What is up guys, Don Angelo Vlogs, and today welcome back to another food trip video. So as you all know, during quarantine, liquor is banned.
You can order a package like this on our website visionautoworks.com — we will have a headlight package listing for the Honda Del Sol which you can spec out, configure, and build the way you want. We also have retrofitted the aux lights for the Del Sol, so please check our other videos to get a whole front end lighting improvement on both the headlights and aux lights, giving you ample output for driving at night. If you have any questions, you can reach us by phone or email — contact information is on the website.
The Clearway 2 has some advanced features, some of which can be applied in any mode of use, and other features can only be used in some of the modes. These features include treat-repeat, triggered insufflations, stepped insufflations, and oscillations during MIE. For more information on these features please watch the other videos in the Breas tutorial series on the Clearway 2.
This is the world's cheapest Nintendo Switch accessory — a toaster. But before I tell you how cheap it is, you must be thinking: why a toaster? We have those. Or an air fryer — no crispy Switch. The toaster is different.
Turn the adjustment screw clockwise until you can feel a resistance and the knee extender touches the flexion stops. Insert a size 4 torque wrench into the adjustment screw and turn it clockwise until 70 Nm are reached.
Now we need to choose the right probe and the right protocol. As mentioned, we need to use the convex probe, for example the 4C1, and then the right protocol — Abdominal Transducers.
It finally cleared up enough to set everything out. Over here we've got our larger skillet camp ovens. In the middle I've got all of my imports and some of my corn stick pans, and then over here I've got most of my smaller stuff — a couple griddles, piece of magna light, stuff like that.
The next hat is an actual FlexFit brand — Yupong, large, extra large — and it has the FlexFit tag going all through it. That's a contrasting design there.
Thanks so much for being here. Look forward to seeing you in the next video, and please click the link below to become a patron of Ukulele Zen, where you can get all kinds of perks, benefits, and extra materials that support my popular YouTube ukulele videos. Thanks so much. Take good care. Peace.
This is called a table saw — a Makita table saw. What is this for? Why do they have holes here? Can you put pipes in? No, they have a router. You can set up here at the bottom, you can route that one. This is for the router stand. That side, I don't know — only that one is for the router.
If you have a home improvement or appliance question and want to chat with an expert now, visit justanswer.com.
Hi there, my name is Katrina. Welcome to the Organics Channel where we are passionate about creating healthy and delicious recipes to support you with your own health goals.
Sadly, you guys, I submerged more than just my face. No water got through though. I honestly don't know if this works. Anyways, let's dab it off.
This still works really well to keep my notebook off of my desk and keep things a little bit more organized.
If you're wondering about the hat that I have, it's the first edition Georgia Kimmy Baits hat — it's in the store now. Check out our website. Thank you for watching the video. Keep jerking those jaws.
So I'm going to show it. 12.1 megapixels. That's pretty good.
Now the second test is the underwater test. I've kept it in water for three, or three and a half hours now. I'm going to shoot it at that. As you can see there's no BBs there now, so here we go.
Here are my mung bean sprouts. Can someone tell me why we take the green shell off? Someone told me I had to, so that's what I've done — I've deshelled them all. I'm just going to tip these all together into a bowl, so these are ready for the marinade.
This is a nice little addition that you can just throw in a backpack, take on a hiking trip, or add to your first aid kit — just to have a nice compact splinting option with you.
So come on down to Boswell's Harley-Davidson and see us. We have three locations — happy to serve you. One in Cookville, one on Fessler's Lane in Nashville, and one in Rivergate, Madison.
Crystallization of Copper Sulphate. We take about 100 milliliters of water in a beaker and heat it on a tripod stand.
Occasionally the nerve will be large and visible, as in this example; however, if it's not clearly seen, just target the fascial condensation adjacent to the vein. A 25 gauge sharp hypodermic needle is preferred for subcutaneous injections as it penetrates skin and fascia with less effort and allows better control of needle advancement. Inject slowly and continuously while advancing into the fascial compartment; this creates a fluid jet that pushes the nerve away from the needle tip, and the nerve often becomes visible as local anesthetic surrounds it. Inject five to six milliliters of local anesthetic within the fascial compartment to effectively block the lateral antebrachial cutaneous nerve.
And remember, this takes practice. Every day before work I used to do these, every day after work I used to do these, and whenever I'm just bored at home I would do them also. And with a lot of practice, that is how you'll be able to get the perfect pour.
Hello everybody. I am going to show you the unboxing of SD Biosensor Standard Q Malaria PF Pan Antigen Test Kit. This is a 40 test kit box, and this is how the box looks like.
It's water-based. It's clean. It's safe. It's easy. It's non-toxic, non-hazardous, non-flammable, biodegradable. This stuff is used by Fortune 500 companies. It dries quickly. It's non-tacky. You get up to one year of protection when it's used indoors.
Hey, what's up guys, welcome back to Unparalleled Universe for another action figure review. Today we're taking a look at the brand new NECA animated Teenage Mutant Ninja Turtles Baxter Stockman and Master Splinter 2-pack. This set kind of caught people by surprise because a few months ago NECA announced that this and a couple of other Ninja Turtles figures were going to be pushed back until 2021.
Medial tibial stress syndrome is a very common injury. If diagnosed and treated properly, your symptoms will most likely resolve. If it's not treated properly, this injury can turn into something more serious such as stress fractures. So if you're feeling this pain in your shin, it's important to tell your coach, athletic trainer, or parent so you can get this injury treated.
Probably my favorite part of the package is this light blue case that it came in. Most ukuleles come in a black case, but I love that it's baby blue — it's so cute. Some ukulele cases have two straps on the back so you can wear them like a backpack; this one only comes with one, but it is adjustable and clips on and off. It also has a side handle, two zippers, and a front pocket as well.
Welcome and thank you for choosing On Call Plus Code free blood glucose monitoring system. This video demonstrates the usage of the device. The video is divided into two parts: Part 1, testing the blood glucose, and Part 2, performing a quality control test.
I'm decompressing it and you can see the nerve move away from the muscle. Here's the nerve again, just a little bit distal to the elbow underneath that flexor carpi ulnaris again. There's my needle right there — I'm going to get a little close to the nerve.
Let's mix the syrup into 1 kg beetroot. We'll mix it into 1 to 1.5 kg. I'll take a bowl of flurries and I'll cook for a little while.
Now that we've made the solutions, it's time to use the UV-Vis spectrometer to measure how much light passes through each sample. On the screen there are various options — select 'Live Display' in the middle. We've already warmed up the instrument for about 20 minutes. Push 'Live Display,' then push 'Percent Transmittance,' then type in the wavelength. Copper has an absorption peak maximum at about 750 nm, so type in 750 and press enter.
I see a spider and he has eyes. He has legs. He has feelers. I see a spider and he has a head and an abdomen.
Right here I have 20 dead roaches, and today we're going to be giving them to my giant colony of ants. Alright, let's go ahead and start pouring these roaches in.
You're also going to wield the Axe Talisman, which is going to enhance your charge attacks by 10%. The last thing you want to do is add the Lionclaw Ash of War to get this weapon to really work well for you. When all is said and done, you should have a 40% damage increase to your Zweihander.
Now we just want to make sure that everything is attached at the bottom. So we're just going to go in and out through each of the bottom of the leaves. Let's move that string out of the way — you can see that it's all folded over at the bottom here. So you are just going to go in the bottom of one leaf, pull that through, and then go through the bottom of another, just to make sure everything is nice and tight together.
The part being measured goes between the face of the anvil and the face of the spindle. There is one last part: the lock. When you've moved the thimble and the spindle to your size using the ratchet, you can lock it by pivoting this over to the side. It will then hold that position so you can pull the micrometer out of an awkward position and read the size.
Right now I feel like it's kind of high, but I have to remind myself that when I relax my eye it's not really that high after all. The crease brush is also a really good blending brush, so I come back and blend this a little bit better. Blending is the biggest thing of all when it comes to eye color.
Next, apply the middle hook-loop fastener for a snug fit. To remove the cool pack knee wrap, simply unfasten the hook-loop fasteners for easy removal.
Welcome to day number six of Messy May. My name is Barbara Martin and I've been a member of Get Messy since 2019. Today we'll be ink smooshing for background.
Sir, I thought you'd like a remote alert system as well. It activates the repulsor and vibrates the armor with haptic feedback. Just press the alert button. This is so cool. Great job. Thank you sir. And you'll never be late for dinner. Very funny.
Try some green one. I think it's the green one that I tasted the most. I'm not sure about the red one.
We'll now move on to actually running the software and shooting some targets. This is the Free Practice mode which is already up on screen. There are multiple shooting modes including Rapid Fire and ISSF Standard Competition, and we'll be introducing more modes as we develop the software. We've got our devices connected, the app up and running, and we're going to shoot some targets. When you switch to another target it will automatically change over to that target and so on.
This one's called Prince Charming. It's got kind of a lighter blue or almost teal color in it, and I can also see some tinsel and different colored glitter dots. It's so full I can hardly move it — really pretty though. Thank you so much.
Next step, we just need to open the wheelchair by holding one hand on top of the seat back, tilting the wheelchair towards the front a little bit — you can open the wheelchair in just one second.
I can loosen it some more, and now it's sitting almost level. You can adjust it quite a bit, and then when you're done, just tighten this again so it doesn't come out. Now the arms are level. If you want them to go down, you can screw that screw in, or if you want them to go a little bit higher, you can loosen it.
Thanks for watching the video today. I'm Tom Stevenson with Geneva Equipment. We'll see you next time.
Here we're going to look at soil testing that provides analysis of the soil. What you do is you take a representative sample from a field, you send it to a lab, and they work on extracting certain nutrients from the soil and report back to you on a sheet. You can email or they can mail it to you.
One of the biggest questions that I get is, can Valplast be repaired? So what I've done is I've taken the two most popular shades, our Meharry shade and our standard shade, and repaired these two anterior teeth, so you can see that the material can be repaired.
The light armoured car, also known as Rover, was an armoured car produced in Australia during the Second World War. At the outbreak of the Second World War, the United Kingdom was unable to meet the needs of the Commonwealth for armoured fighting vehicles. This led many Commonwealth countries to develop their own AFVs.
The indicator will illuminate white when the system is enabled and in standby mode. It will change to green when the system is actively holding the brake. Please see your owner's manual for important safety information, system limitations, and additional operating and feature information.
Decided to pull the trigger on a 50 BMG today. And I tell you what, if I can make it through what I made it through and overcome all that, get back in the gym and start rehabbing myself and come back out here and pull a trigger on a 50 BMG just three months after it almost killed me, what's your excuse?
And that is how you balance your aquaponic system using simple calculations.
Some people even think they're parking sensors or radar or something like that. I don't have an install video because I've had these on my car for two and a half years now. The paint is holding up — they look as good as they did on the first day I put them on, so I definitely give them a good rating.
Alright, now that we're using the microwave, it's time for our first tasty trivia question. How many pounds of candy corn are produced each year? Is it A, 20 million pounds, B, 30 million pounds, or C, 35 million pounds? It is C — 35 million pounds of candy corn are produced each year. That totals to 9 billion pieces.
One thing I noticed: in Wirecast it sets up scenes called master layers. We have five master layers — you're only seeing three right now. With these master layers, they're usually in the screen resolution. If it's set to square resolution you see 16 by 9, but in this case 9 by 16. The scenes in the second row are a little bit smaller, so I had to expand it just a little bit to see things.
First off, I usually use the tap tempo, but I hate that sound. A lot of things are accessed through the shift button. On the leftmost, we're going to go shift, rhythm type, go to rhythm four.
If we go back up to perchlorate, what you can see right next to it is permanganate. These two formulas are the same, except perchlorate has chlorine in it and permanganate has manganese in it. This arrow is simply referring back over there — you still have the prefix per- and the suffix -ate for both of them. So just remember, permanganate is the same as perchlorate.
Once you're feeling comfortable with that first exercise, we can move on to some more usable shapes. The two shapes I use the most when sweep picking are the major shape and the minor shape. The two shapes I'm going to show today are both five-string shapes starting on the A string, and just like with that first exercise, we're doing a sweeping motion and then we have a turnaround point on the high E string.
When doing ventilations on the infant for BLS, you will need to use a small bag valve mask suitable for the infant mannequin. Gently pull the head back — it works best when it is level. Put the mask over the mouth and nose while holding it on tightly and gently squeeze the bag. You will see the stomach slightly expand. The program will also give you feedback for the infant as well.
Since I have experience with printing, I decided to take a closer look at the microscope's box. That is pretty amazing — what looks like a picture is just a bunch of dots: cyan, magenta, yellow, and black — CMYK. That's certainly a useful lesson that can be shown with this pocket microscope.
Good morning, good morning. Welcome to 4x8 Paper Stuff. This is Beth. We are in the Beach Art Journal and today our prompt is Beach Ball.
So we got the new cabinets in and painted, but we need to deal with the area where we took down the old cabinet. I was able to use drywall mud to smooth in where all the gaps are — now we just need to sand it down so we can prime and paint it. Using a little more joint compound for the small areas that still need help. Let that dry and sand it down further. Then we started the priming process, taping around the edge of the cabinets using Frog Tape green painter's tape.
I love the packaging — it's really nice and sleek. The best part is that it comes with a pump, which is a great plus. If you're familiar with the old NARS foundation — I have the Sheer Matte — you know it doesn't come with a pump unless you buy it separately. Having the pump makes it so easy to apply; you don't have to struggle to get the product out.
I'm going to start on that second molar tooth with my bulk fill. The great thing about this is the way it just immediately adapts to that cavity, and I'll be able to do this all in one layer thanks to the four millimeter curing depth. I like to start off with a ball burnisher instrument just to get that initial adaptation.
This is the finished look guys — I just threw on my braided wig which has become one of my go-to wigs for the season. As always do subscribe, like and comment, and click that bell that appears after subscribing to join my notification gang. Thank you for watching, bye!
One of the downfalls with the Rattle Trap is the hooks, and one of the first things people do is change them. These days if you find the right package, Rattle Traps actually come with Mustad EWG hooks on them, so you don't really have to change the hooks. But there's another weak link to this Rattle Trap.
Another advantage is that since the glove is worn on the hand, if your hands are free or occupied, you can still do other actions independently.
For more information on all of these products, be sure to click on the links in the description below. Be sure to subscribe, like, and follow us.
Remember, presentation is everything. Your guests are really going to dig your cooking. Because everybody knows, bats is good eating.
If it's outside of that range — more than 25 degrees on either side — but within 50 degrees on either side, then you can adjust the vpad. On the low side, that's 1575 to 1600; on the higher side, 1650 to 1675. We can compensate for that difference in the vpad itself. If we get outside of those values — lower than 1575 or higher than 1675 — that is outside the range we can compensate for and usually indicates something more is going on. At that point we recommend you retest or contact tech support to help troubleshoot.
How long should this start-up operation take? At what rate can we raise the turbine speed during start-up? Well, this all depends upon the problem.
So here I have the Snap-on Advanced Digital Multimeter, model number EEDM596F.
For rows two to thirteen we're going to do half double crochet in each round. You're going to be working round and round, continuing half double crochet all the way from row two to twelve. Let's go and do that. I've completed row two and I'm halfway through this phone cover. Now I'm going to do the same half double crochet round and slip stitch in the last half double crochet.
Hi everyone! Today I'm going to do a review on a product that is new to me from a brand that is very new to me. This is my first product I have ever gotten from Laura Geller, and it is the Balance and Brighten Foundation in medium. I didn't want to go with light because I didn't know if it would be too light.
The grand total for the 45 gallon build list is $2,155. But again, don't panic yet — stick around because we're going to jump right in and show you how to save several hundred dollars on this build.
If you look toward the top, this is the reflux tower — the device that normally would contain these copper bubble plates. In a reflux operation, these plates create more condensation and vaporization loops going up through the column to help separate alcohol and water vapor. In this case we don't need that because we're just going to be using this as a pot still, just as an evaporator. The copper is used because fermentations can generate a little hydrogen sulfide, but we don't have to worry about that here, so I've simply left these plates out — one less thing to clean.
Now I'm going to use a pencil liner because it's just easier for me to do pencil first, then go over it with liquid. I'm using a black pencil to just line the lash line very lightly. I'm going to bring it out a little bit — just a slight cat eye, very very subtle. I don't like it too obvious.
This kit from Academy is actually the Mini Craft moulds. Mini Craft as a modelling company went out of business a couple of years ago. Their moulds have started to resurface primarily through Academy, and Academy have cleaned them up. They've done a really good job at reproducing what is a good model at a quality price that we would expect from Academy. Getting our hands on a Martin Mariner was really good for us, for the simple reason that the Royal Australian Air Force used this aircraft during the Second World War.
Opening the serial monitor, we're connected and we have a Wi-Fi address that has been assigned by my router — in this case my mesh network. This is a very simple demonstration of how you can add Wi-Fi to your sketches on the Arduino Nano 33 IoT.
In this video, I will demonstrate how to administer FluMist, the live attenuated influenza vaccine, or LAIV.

> [INSTRUCTIONS FOR THE TASK]
Retype the entries above exactly, but only from the line containing "So I'm going" through the line containing "Occasionally the nerve", both included.

> [SOLUTION]
So I'm going to show it. 12.1 megapixels. That's pretty good.
Now the second test is the underwater test. I've kept it in water for three, or three and a half hours now. I'm going to shoot it at that. As you can see there's no BBs there now, so here we go.
Here are my mung bean sprouts. Can someone tell me why we take the green shell off? Someone told me I had to, so that's what I've done — I've deshelled them all. I'm just going to tip these all together into a bowl, so these are ready for the marinade.
This is a nice little addition that you can just throw in a backpack, take on a hiking trip, or add to your first aid kit — just to have a nice compact splinting option with you.
So come on down to Boswell's Harley-Davidson and see us. We have three locations — happy to serve you. One in Cookville, one on Fessler's Lane in Nashville, and one in Rivergate, Madison.
Crystallization of Copper Sulphate. We take about 100 milliliters of water in a beaker and heat it on a tripod stand.
Occasionally the nerve will be large and visible, as in this example; however, if it's not clearly seen, just target the fascial condensation adjacent to the vein. A 25 gauge sharp hypodermic needle is preferred for subcutaneous injections as it penetrates skin and fascia with less effort and allows better control of needle advancement. Inject slowly and continuously while advancing into the fascial compartment; this creates a fluid jet that pushes the nerve away from the needle tip, and the nerve often becomes visible as local anesthetic surrounds it. Inject five to six milliliters of local anesthetic within the fascial compartment to effectively block the lateral antebrachial cutaneous nerve.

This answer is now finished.